И мы пошли. Никакого удовольствия от прогулки я, разумеется, не получал. То, что я испытывал, не хочется называть страхом, но мне определенно было не по себе. Одно дело проезжать по лагерным улицам в герметичной машине с непробиваемыми стеклами и совсем иное – шагать ничем не защищенным в потоке здешних обитателей. Мы с Беннетом были слишком заметны. Я физически чувствовал, как волна узнавания катится перед нами, заставляя стариков подопечных (и что они только шляются туда-сюда?), подобно теням, соскальзывать с нашего пути. Расступаясь, они подчеркнуто не смотрели в нашу сторону, и все-таки я кожей ощущал, как они наблюдают за нами. Я ловил их шелестящие, гаснущие с нашим приближением обрывки разговоров.
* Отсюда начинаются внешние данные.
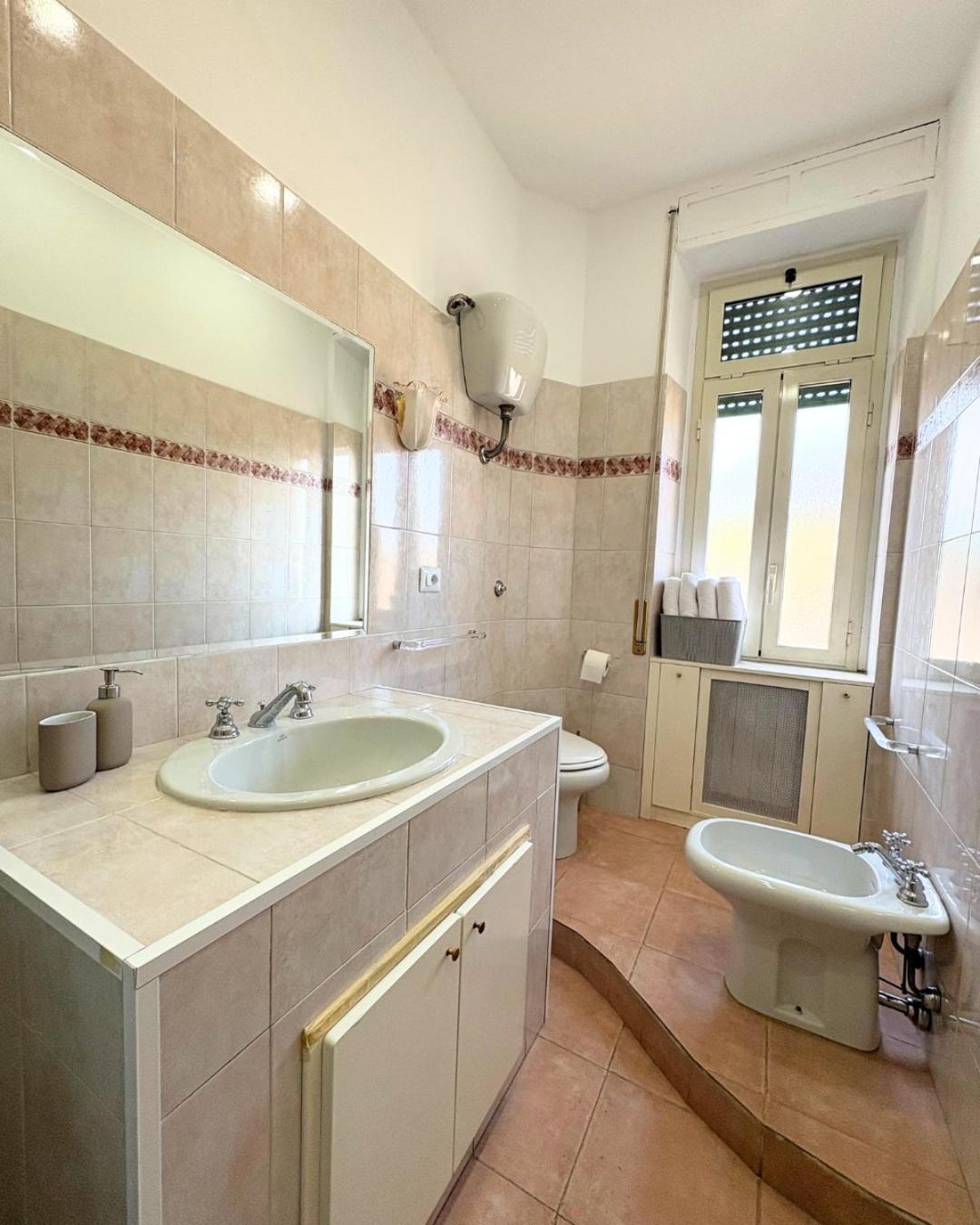 Appartamento Casa Alice Near Vatican - Modern, High Floor With View *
Я вдыхал особенный запах лагеря, в котором тоскливая кислота старческого пота и легкая резь дезинфекции смешивались с ароматами цветочных посадок, пряными испарениями какой-то еды, горячим кофейным духом. Если история действительно кончалась, она кончалась этим странным запахом – обреченной, истекающей жизни.
Беннет шел сквозь толпу, закинув голову, уверенно, словно океанский лайнер, перед форштевнем которого сами собой расходятся плывущие по волнам щепки. А я ступал как по минному полю. Предчувствие, что мы обязательно нарвемся на крупную неприятность, не оставляло меня. И только когда Беннет, сокращая путь, свернул с оживленной улицы в безлюд ный сквер, я немного успокоился и расслабился. Как оказалось, напрасно.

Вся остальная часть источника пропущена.